Volgt, om te besluiten, een zijsprong naar chronologie: Jezus is geboren wellicht in 7 of 6 voor Christus (ahem ja). Na wat spitstechnologische discussie wordt het begin van zijn publiek optreden gepreciseerd als wellicht 28: Johannes de Doper begon rond het einde van 27 te prediken in het de Jordaanvallei, Jezus was even zijn volgeling, werd door hem gedoopt en trok er dan zelf op uit. Gedurende iets meer dan twee jaar trok hij rond, voor grote feesten ging hij naar Jeruzalem. In de nacht van 6 op 7 april 30 werd hij gearresteerd, ondervraagd door Joodse authoriteiten, en op 7 april naar Pilatus doorgeschoven die hem dezelfde dag liet kruisigen. Hij stierf op vrijdag 7 april 30, wellicht 36 jaar oud.

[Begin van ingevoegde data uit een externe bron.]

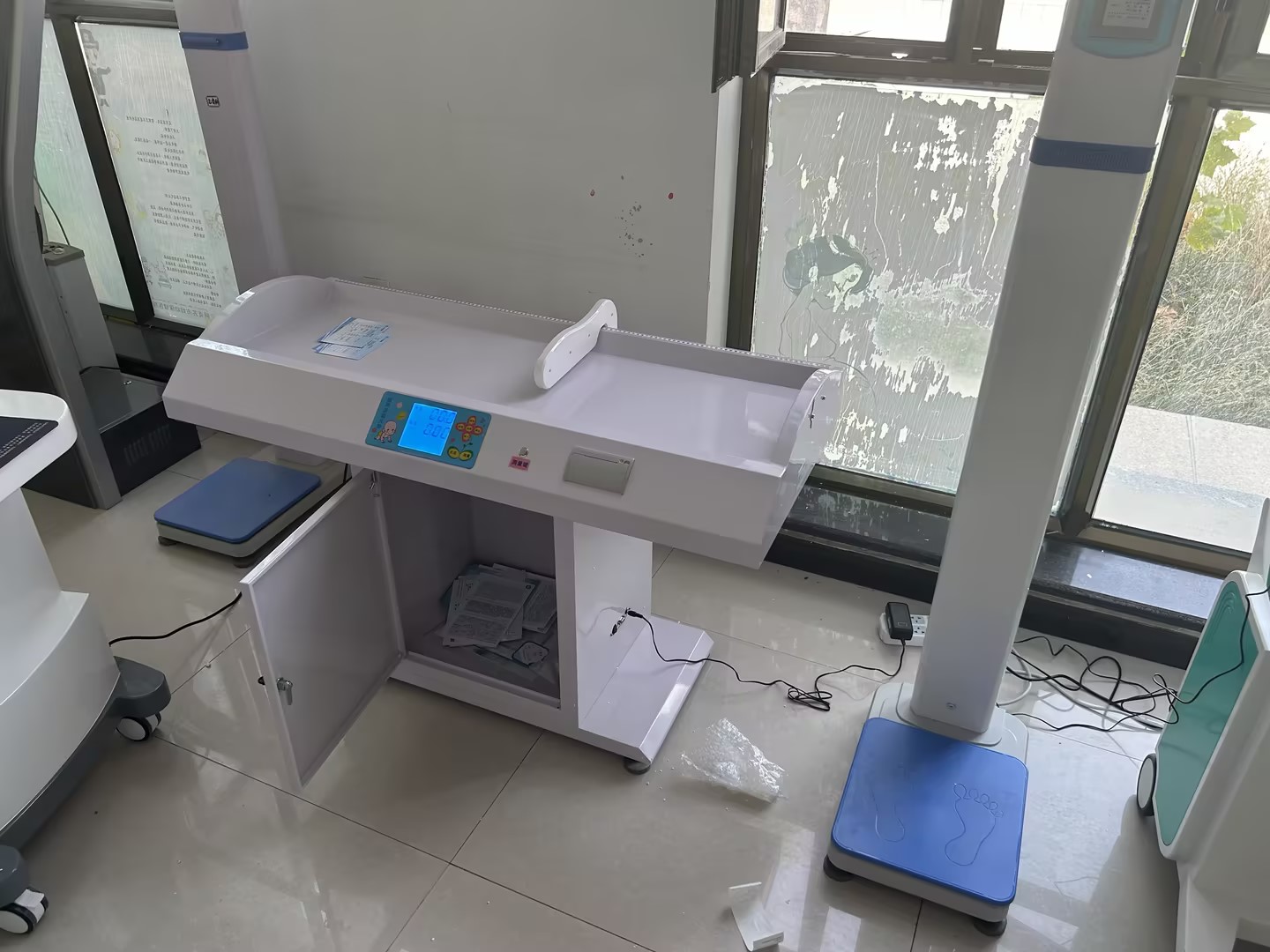 超声波身高体重秤从“量身高”到“管健康”：慢性病预防前移一步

En dus al de interessante dingen die hij deed en zei, gebeurden in twee jaar en een maand of zo. De volgorde waarin wat gebeurde, is niet of nauwelijks te reconstrueren, en dus worden de volgende boeken thematisch ingedeeld en niet chronologisch:
- Mentor, Message, and Miracles
- Companions and Competitors
- Law and Love
- Probing the Authenticity of the Parables
Ik houd van dit soort boeken. Interessant, wetenschappelijk verantwoord en onderhoudend geschreven.